Developing an awareness of habits and choices is crucial to improving health, said Bauman and Johnson. The same is true with writing.
“We want students first and foremost to develop and maintain an awareness of audience. When they have the sense that they are writing to someone and for someone, they will feel that their ideas matter and that their writing can educate and inspire others,” said Johnson.
She continued, “Being mindful and respectful of a reader also means that we have to work very hard to ensure that our ideas are well-considered (acknowledging, for example, counter-argument) and that they are articulated precisely. Achieving the latter means paying close attention to everything from word choice to paragraph structure to transitions to titles. And it means engaging in repeated, rigorous revision.”
That emphasis on learning and practicing skills highlights the connection between writing and fitness. It also allows students to see their progress, which is encouraging, both instructors said.

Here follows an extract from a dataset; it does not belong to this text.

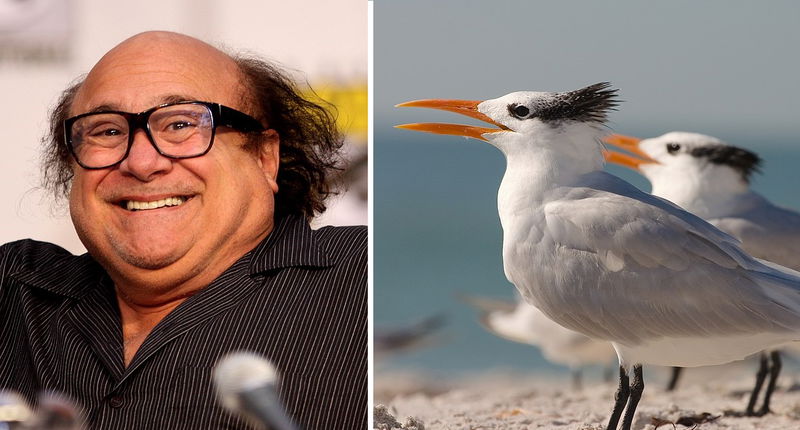 Danny_DeVito___s_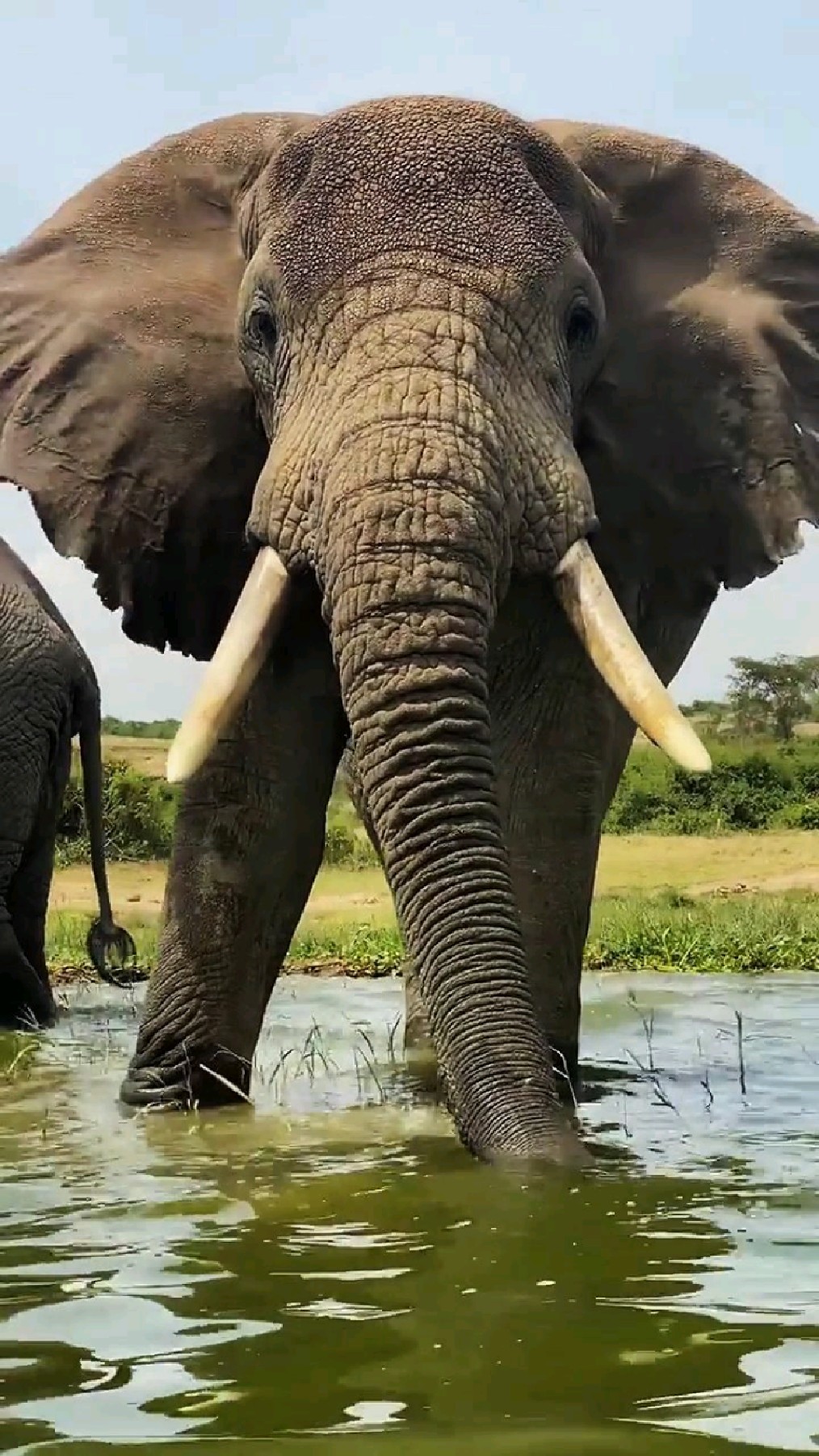 站在河边饮水的大象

Students agree. “This class has really helped me with the writing process as a whole,” said Harriet Atkins ’20, who intends to major in computer science. “Going into this class, I knew that exercise was obviously good for you, but I really loved learning about its health benefits in more detail.”
“I think I have gotten better at revising my papers,” said Chloe Kaplan ’20, who plans to major in biology and took the course because of its “interesting, interdisciplinary approach” to writing. “Also, I have learned the importance of exercising as it relates to my happiness and personal health.”
Bauman is happy to hear that. She has always wanted to teach an academic course that focuses on the “whole student,” she said, and helps students develop lifelong health and wellness skills.
Maggie Haley ’20 said she applies many of the writing lessons she has learned in her everyday life. She also has begun moving more, because of the Fitbit, and now tracks her steps and heart rate each day.
“This class will most likely go down as one of the best decisions I have made at Wellesley,” said Haley. “I am so sad I can’t take it again next semester.”